▶ Provided entries
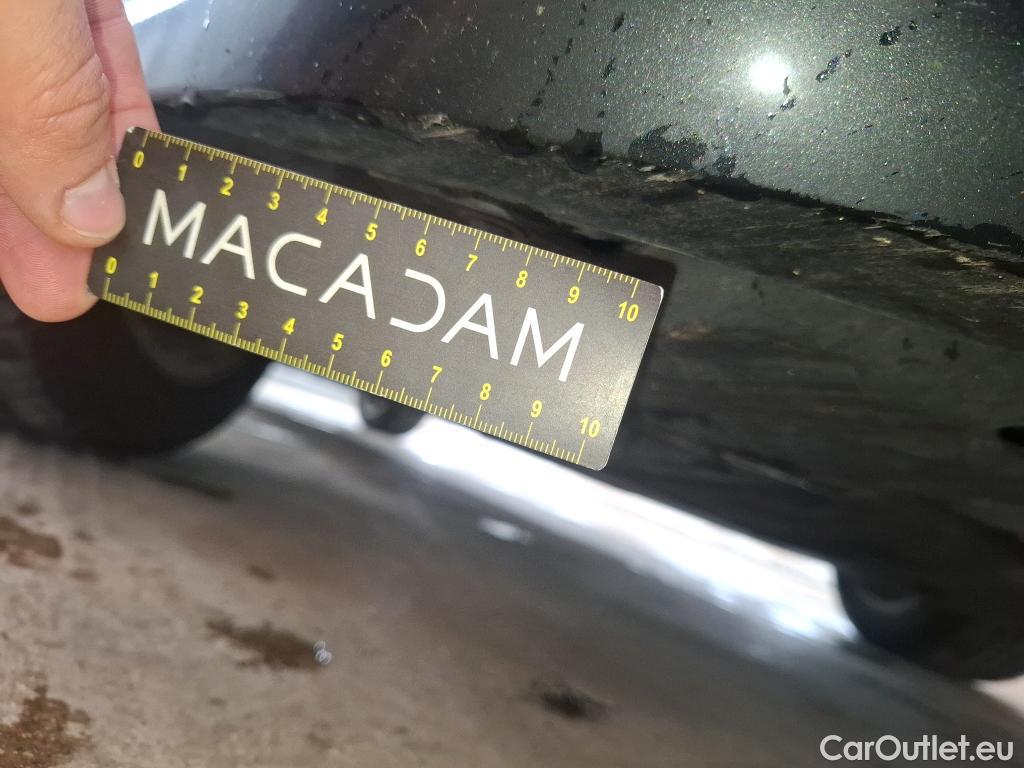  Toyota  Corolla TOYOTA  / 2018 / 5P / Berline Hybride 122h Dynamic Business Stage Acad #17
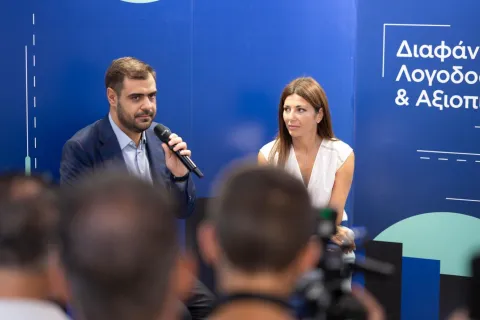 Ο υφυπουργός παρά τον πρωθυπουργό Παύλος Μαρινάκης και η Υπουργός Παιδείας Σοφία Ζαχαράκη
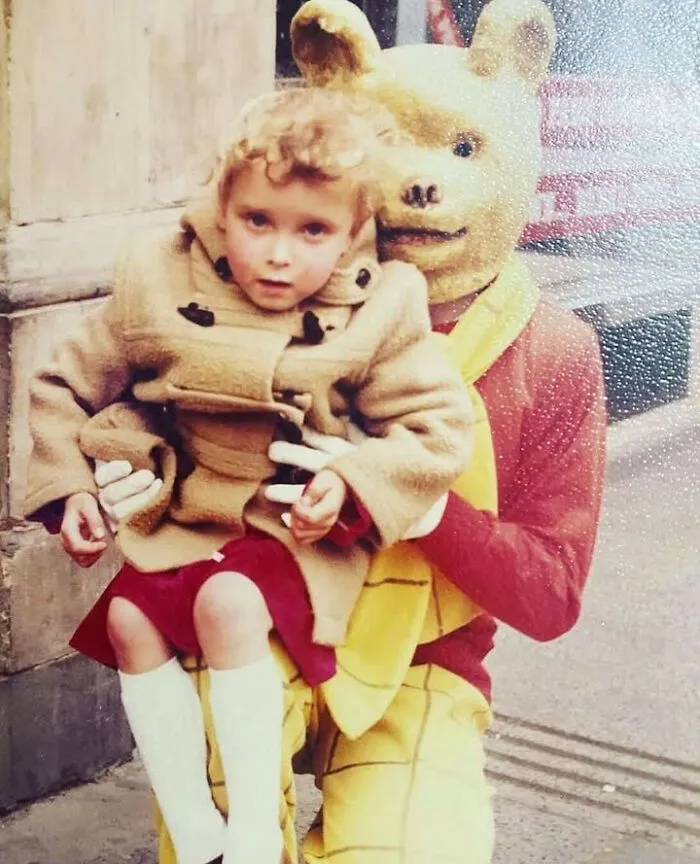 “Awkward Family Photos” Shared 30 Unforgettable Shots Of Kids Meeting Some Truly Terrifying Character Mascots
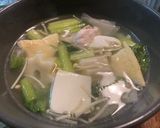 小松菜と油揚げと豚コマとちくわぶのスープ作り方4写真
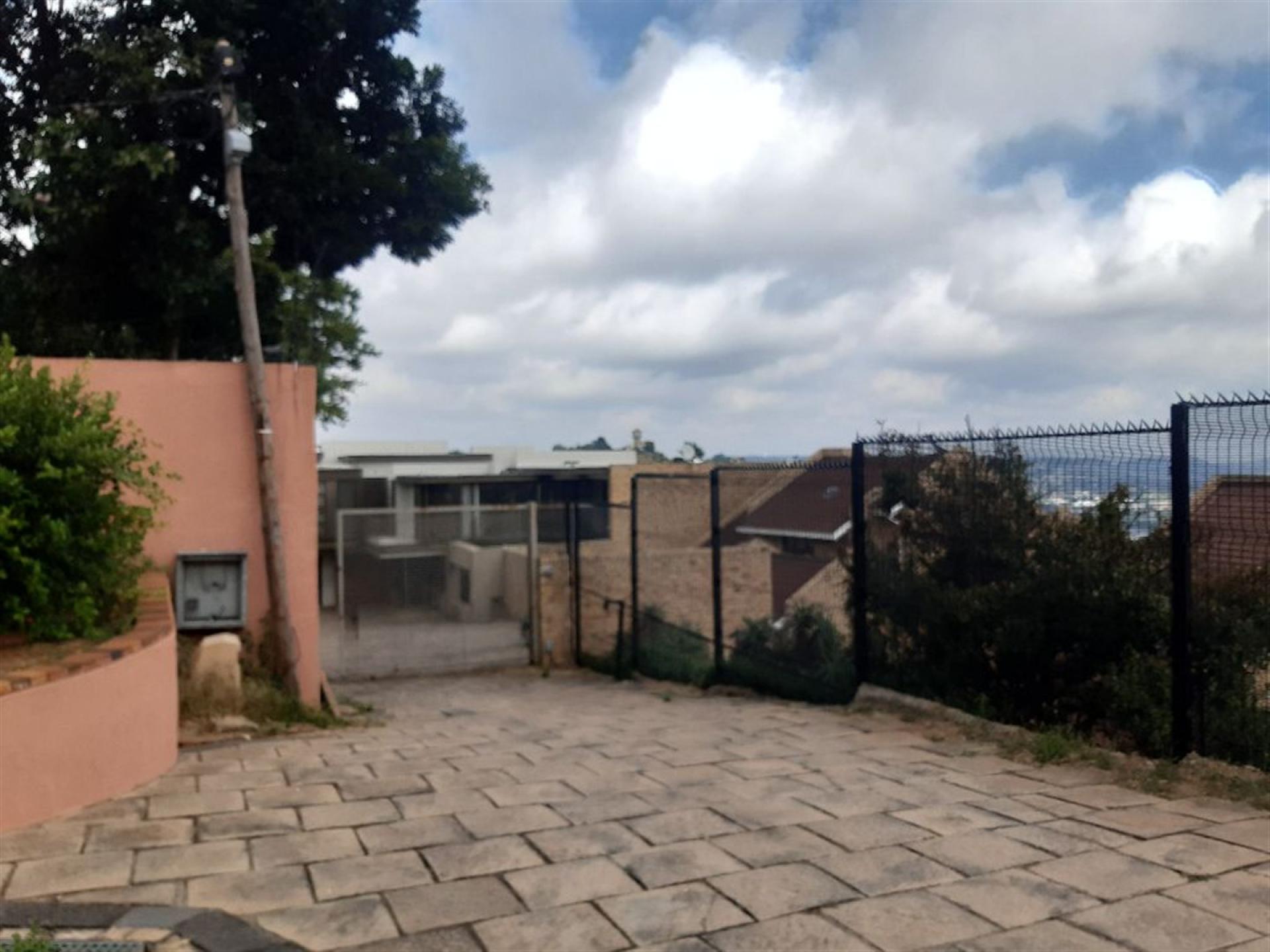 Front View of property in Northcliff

▶ Task directions
All of the data above should be quoted exactly, except for the pictures.

▶ Written answer
  Toyota  Corolla TOYOTA  / 2018 / 5P / Berline Hybride 122h Dynamic Business Stage Acad #17
 Ο υφυπουργός παρά τον πρωθυπουργό Παύλος Μαρινάκης και η Υπουργός Παιδείας Σοφία Ζαχαράκη
 “Awkward Family Photos” Shared 30 Unforgettable Shots Of Kids Meeting Some Truly Terrifying Character Mascots
 小松菜と油揚げと豚コマとちくわぶのスープ作り方4写真
 Front View of property in Northcliff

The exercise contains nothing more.